I’m not sure I can recall a prettier July here, with the temperature staying very pleasant all the way up into the final week. We’ve not had any long-lasting fires yet, and just now the skies are getting smoky from Canadian fires. The reprieve, or reprieve until now, we are most grateful for and now are reminded that another bad fire cycle could begin anytime with the real heat is here to stay.

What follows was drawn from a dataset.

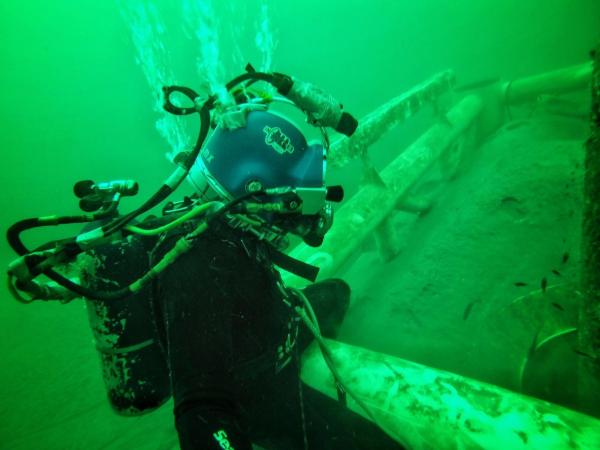 <h2>Industrial Diving Services</h2>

An overview of the grain crop is a positive one at this point. The crop looks strong, hasn’t weathered any real stress at all during the developmental stages and just now is feeling the heat which should prove to be perfect for finishing the grains.  With sustained sun and high temperatures, the crop should cure in a classic fashion we often hope for, and receive here, east of the Cascades.  I turned the last of the irrigation off on the 23rd and I look to start harvesting our winter grains in a couple weeks.  There should be little lapse in harvest as we head right into all our spring emmer and einkorn after the winter rye and wheat.

Emmer Fields


It is during this time between irrigation and harvest that I service the ole’ Gleaner, as well as perform mid-summer service on any other machines that may need it. After draining last year’s oil, blasting out the Gleaner’s air filters and topping off fluids after a full greasing, I climb up into the cab, shove the throttle all the way to full, turn on the key and, without fail –even after sitting for 10 months – the Gleaner always fires right up and idles like it has been running every day. Truly amazing!  I had a few sensors that weren’t reading accurately, but that is all remedied for now and near as I can tell; she is “ready to roll”.

Another mid-summer project is turning under our cover crop. We fired up the red demon (aka International 1086 tractor) and began disking down the vetch with the off-set disk. Nice to know these green goodies will protect the soil during the heat, as well as add back a bunch of green nitrogen for next year.

There has been no lull at all with orders at the granary even as the heat settles in. Very lively pace all summer, and we are grateful. Nice to know that we have such a loyal group of buyers both on large scale, and the home users. In our 14th year now, who would have known!?  Guess we better keep on doing more of what we do.

I hope this finds all of you enjoying the full summer.  My reprieve has been a few evenings to a favorite trout stream, where our Lab Tucker can wade alongside me while I try and catch dinner. I’m not sure who enjoys this more! Indeed, it soothes the mind and body after working in the heat. Or, in Tucker’s case, sleeping in the heat.

I look forward to reporting on the harvest next month.  Until then, stay cool!